Rating: 4/5 – A Gem From the Short Lived Atlas Comics.
By ComicSpectrum Reviewer Shawn Hoklas.
There’s such a great story to the history of Atlas Comics. Atlas was only around for one short year in 1975, yet within that year they produced a wide array of comic books and black and white magazines covering all the different genres such as the Grim Ghost, Weird Tales of the Macabre, and The Hands of the Dragon. Atlas was able to bring together some of the best talents of the time, but unfortunately poor management and inexperienced editing led to the company’s demise. Fortunately these back issues can still be obtained like the one reviewed here, Planet of Vampires. It’s a fun read and is absolutely a creation of it’s time, being released in 1975. There’s definitely a “Planet of the Apes” and “Soylent Green” feel to the book which both released before this first issue.

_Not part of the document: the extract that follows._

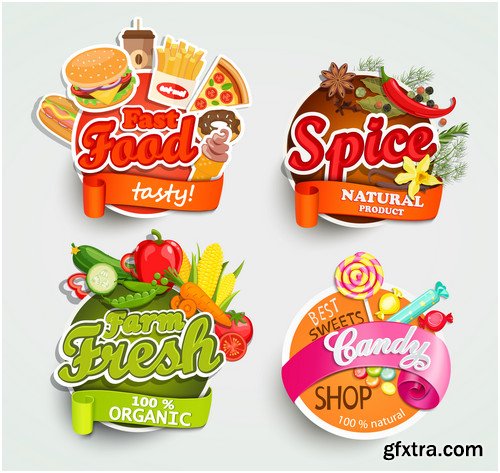 Labels, stickers, product logos in vector vol 1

The cover alone begs you to read it as the heavily underrated Pat Broderick and the legendary Neal Adams contribute to the exciting science fiction image. Add in the rich logo at the top and this book would be hard to ignore when it first hit the stands almost forty years ago. Pat Broderick’s art continues on into the interiors. His art has a clean look to it and he’s tasked to draw a lot of different faces and characters throughout, each with their own distinct look. Even the colors stand out as the whites of the astronauts uniforms contrast nicely with the colorful science fiction and citywide landscapes.

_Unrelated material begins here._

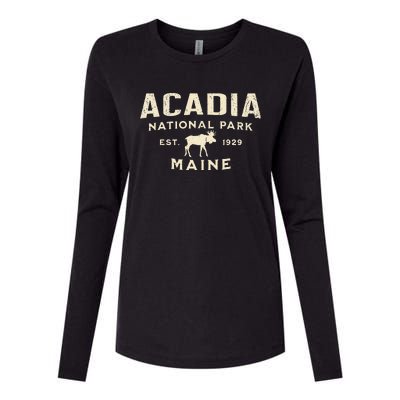 Acadia National Park Womens Cotton Relaxed Long Sleeve T-Shirt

Long-time comic writer Larry Hama tells the story of a group of astronauts on an expedition to the planet Mars return to earth after five years to find it in a much more different and horrific place. Gangs have taken over the streets, while those who live in one of the last bastions of science and civilization the Dome, fight for their survival. All is not what it seems as the astronauts head into the Dome leading to an exciting conclusion that sets the stage for the next issue. At times the scripting and dialogue can be eye-rolling, but considering the time I give Hama a pass. It’s an engaging and fun read, and if you can find the issue it’s definitely recommended. The series only lasted a short three issues due to the collapse of Atlas, but much like the rest of Atlas’ line, this is a high quality book with some talented creators at the helm.